- _Exercise description_:
Transcribe every entry that follows exactly, omitting all pictures.

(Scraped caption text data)
• • • • • • •

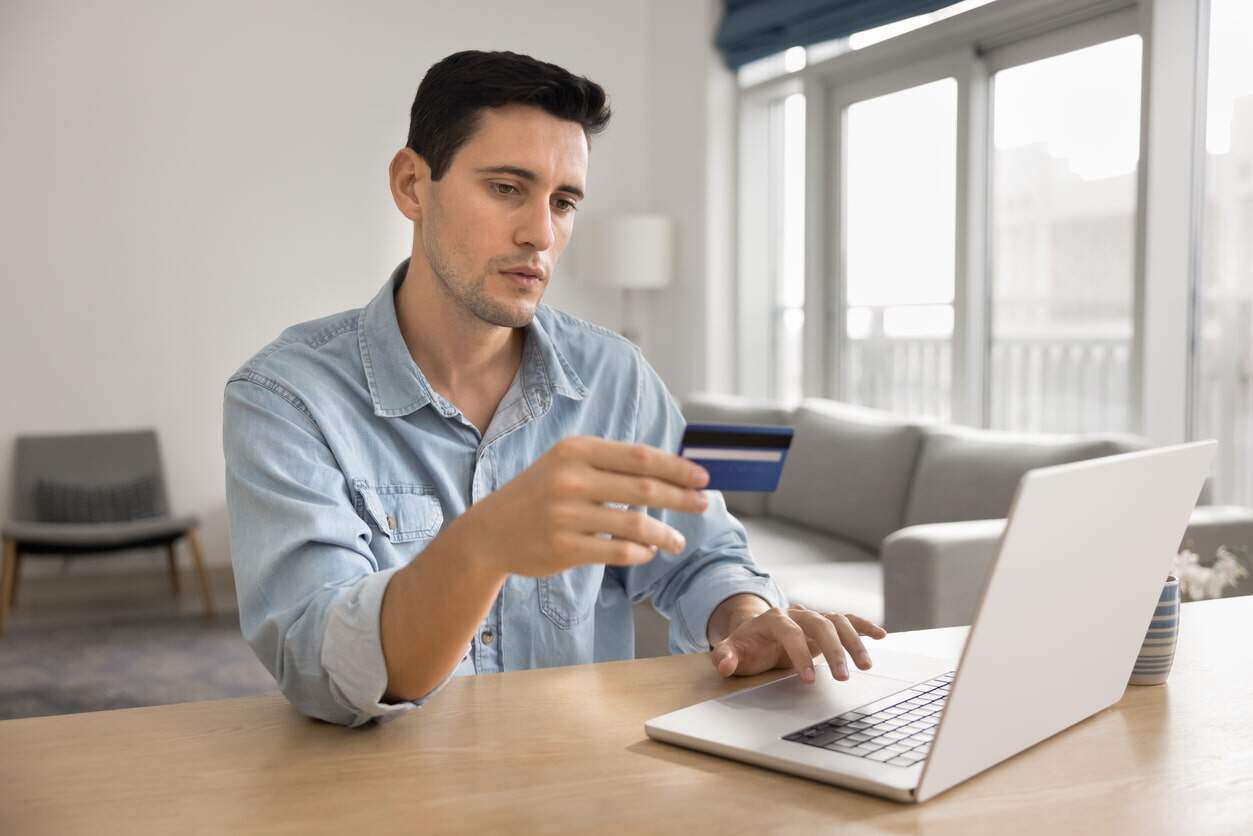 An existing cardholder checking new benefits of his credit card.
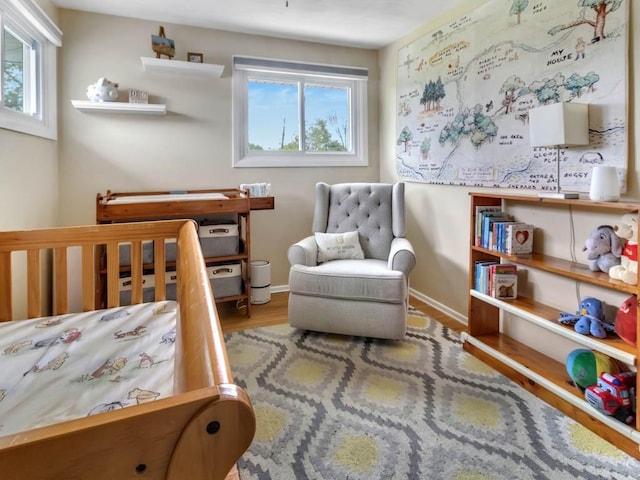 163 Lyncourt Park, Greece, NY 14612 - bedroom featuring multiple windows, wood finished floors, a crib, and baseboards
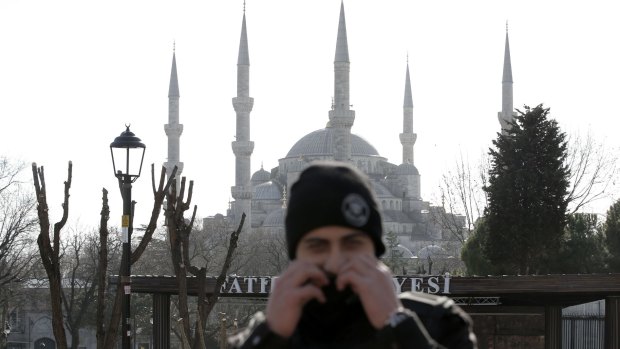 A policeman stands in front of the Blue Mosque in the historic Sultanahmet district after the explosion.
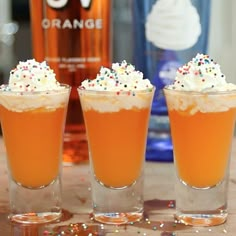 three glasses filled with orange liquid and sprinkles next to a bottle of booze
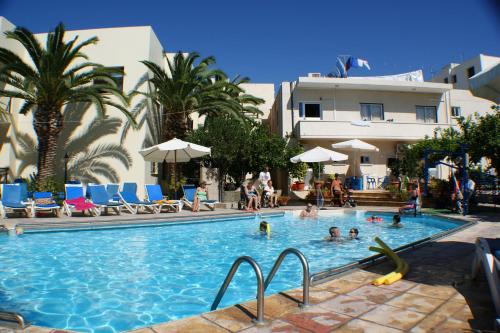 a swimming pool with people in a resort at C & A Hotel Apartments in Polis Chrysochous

• • • • • • •

- _Solution to this problem_:
 An existing cardholder checking new benefits of his credit card.
 163 Lyncourt Park, Greece, NY 14612 - bedroom featuring multiple windows, wood finished floors, a crib, and baseboards
 A policeman stands in front of the Blue Mosque in the historic Sultanahmet district after the explosion.
 three glasses filled with orange liquid and sprinkles next to a bottle of booze
 a swimming pool with people in a resort at C & A Hotel Apartments in Polis Chrysochous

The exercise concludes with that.